O.C. Home: Change Artists

A Coto de Caza couple turns a less-than-perfect house into a home

Prospective buyers don’t always end up with the storied homes of their dreams. They usually take their newfound digs—however imperfect—and make them their own. Such was the case for Dean and Carla Soll. With three children, her live-in parents, and five cars to juggle, they needed more room, so in 2009, they began searching for a property. 

Dean, president of SubZero Constructors, a Rancho Santa Margarita company that builds refrigerated buildings and warehouses, bid on an empty lot in gated Coto de Caza. But the bank, deep into a mountain of foreclosures, didn’t respond, so the Solls looked at other properties. A classic, two-story Colonial in the same area had great bones, but its blue floral carpet, brass chandeliers, and country French furnishings turned him off. “He walked out,” Carla recalls. 

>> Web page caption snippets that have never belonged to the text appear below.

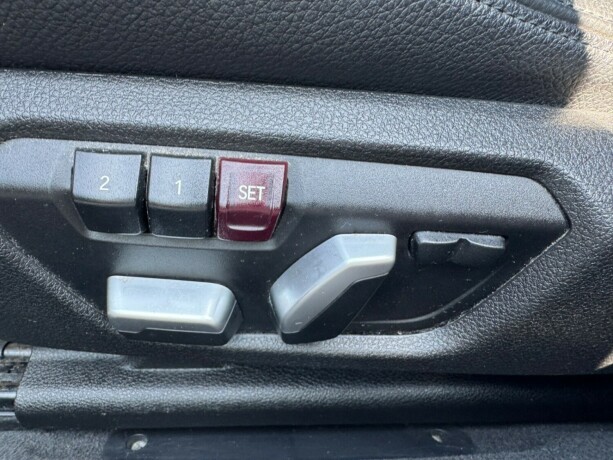 bmw-3-serie-elektrisitetbensin-2017-big-12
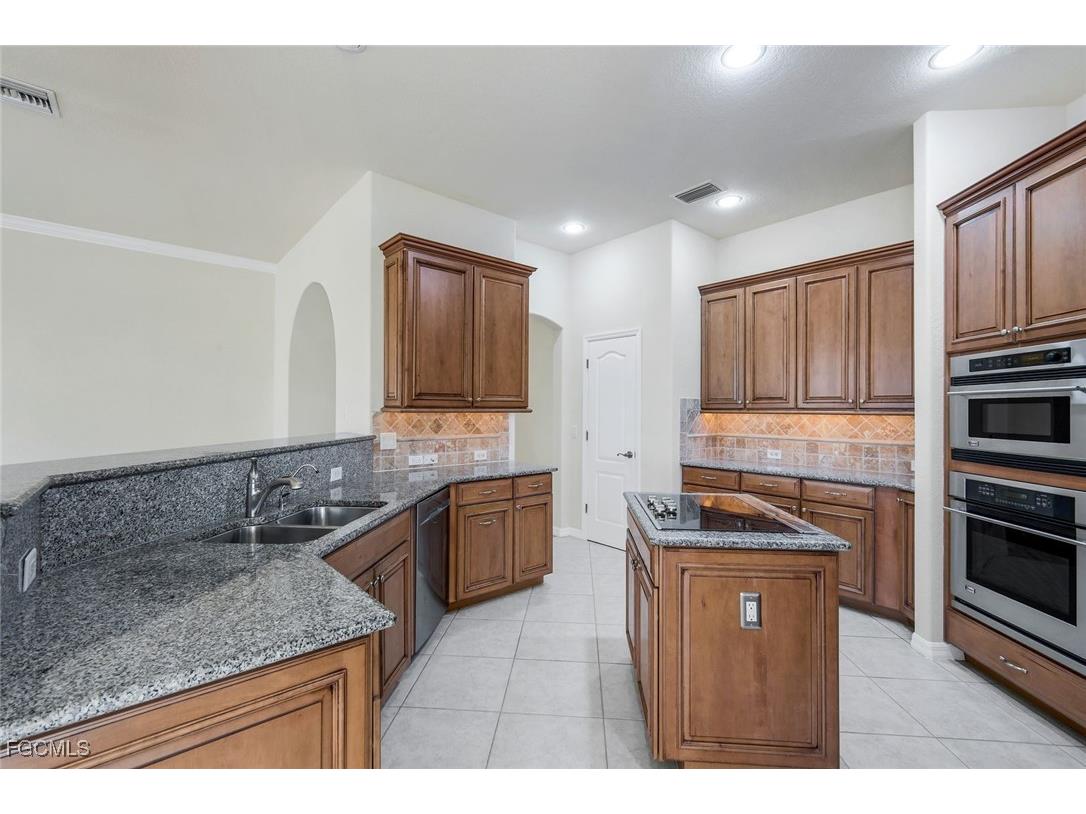 2832 SW 17th Avenue Cape Coral FL 33914 2025016590 image15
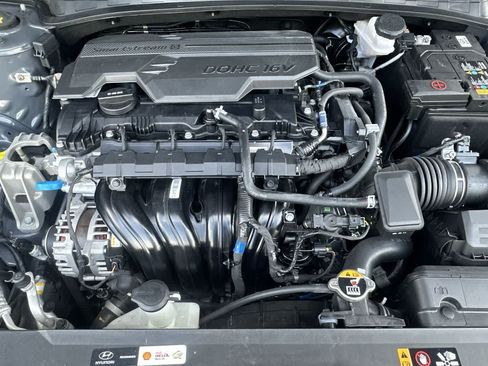 Used 2025 Hyundai Elantra Sport FWD image 12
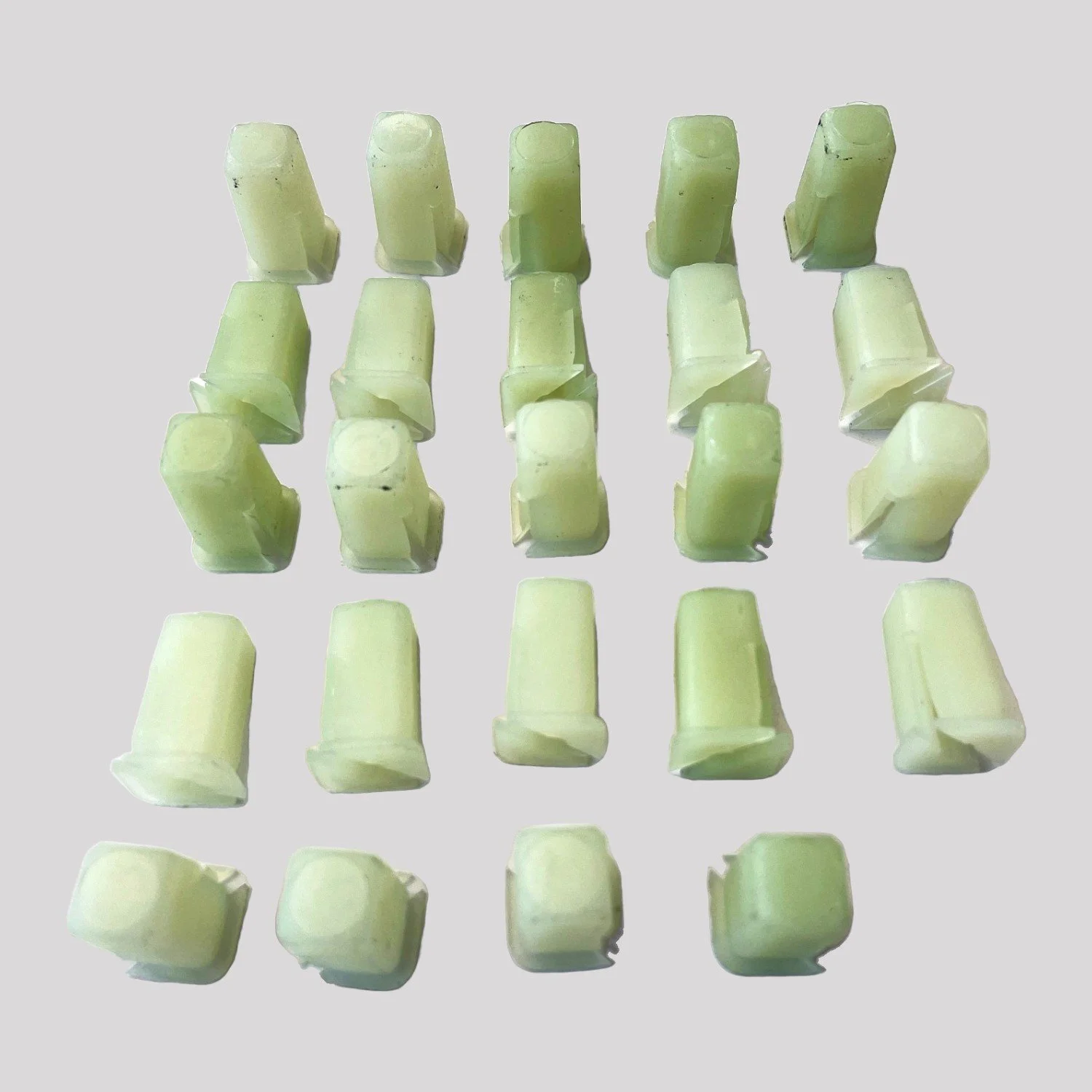 Defender Green Square Plastic Nut Inserts (Kit of 24) – DDS Metals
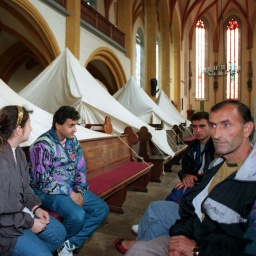 20 Bürgerkriegsflüchtlinge aus Armenien, die seit 07.09.1994 in der Jenaer Stadtkirche Zuflucht gefunden haben; © dpa/Zentralbild/Jan-Peter Kasper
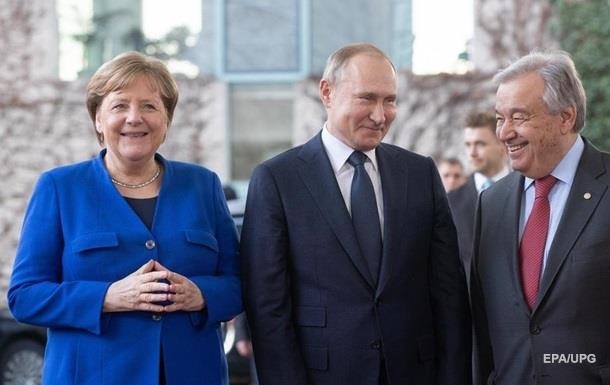 Путін звернувся до Меркель та Шольця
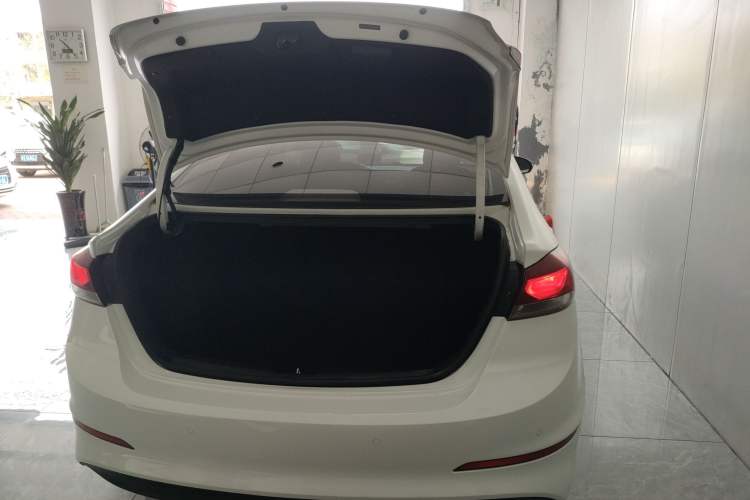 Used Hyundai Elantra 2016 1.6L Automatic ZhiXuan – Elite Version
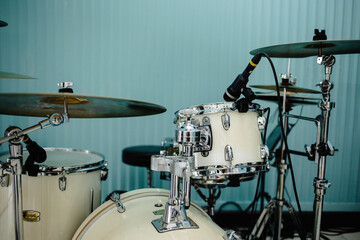 Fototapeta na wymiar drum kit on stage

“It just wasn’t what I wanted,” Dean says. “I had envisioned a custom, modern home that I would build from scratch.” 

With still no response from the bank, Carla, an interior design hobbyist, persuaded her husband to take a second look at the Colonial. “Even though it was traditional on the outside,” she says, “I knew we could turn the inside into the warm, modern-contemporary we both wanted.” She also knew that building from scratch would confine them to their cramped home for their children’s final years of high school, not to mention that her parents badly needed easy-access, ground-floor space.

They bought the Colonial.

The front door of their renovated home is now electric blue, to add a jolt of color to the white, classic-column exterior and to hint at the new modernity that awaits inside. Jettisoned: the traditional staircase, carpet, and chandelier. In their place: a sleek powder-coated, metal-and-wood stairway, dark wood floors, and an Italian-style chandelier with exposed bulbs.

The Solls added modern furniture and pared-down window treatments, and replaced brass hardware with brushed nickel. They also modernized most of the existing lighting fixtures, and painted the downstairs walls gallery white, the perfect foil for the colorful expressionist paintings Bolivian-born Carla creates. 

But it’s the new 22-foot, marble bar that makes guests ooh and aah. Inglewood architect Chris Mercier realized Dean’s dream of a commercial-style home bar. Dubbed the Esso Club West after his college watering hole, it has three TVs, a Sonos sound system, a dual-tap Kegerator, a Sub-Zero wine fridge, a Bosch professional ice maker, and a built-in Miele coffee maker. It’s the perfect indoor-outdoor space for entertaining. “We’re both so happy with the house and how it turned out,” says Carla. “We especially love the modern bar.”